MissWimpyDimple Wed 05-Dec-18 12:09:54

One party bag!!!! Jeez. Definitely not two.

We've done lots of joint parties and the kids get what they get. Some buy for both some don't.

BlackrockMum Wed 05-Dec-18 12:10:32

should say we have never done more than one party bag, and never received more then one

Annasgirl Wed 05-Dec-18 12:11:24

Where I live (posh part of Dublin - only relevant due to the figures involved) we have a policy of €5 in a card per child and then if there are 30 kids (which there could be at a shared party) they get the cash from 30 kids. Also, if there are 15, they get the cash from 15. We all agreed at the start of the year - one of us sent a text around, and it has been a godsend, just wish I had initiated it on DC1 and DC2!!! I've spent hundreds over the years on presents.

Also, if sharing a party I don't think it is fair to say a child brings a present for one dedicated person - we shared a party for DS1 5th birthday and there were 3DC, one girl and two boys so the girl received twice as many presents as they boys but each mum paid the same share of the party - I thought that was unfair on us and the DC - they saw the present piles before we left the venue!!!

SoyDora Wed 05-Dec-18 12:11:39

Just having one party bag will seem stingy, especially for those parents who buy two presents

I’ve akways bought 2 presents for a joint party and never thought 1 party bag was stingy. And my DC have never complained. One party = one party bag.

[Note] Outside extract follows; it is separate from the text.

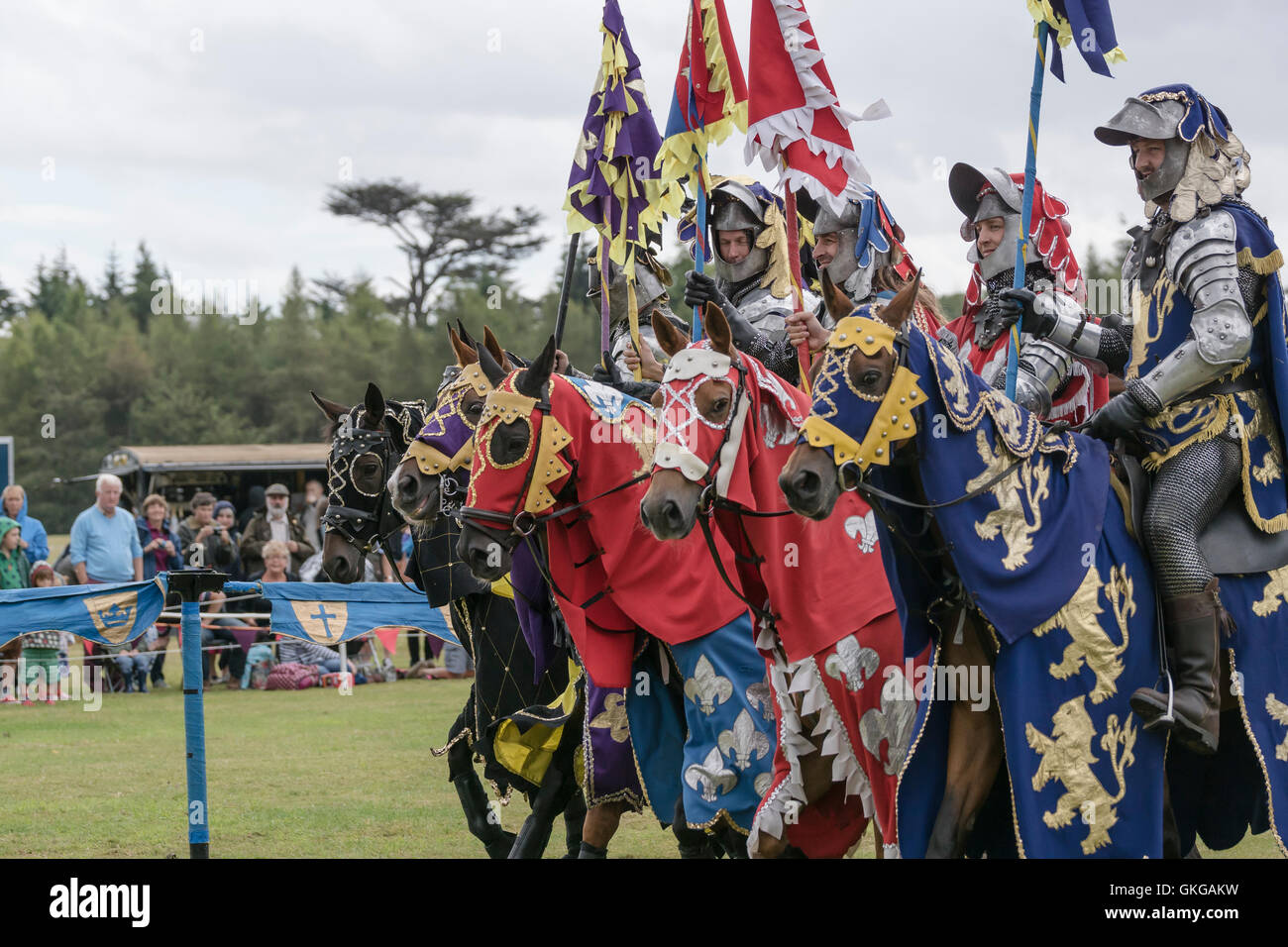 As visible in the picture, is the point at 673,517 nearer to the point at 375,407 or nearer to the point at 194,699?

OnoAnotherNC Wed 05-Dec-18 12:15:37

Money in a card is ideal, this is then equally split between the party children. I also think only one party bag should be fine.

noenergy Wed 05-Dec-18 12:16:53

DD has been to parties for up to 4 girls having a joint party. We get each one a present or money in a card. Only ever get 1 party bag, not 4.

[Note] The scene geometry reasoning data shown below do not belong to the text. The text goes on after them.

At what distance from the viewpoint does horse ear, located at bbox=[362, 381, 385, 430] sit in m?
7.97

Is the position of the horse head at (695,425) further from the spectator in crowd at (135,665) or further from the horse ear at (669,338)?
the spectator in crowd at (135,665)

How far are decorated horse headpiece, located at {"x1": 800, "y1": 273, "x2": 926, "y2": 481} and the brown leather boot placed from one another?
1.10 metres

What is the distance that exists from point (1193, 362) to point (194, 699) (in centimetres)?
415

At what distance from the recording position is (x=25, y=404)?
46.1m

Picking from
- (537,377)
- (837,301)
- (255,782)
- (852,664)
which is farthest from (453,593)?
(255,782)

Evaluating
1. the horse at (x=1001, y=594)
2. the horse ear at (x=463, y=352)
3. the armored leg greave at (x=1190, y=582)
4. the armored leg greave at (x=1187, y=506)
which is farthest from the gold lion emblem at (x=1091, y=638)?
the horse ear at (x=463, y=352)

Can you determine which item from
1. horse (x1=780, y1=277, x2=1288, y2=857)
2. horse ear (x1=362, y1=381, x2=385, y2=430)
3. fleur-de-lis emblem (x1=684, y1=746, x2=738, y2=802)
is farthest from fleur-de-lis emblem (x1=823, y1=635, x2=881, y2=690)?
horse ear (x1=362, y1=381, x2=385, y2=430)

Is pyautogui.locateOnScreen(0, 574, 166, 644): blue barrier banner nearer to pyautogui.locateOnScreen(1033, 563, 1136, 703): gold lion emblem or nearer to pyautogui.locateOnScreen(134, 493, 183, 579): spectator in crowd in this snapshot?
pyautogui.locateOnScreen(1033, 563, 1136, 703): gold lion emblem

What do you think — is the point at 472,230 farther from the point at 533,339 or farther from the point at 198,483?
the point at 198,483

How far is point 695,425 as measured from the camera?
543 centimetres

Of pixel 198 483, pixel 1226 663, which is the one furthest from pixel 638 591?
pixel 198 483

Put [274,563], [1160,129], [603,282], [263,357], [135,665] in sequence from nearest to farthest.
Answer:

Xuli Wed 05-Dec-18 12:17:09

Now I'm confused about the party bag situation confused

I was thinking a bit about the cost for the parents too. If DD or Classmate had thrown their own party, we would each probably have only invited a few friends. But we've lucked out on this shared venue, so there's at least half their class who wouldn't normally have been invited to either party, and definitely not both. I'm probably overthinking that bit!

I have this image in my head of getting 33 sparkly notepads and pen sets from Paperchase. DD will love them all but so soon after Christmas the house will barely take the strain!

OnlyonplanetMN Wed 05-Dec-18 12:20:16

My DD went to a joint party a couple of weeks ago. There was only one party bag and no one thought anything else about it. In fact it would seem really weird to have two as it's one party confused

ChocolateStash Wed 05-Dec-18 12:20:57

You could donate any unwanted gifts to a children's charity/woman's refuge/local homeless centre/local Hospital/Local Hospice etc. There are lots of children who would appreciate a gift at Christmas.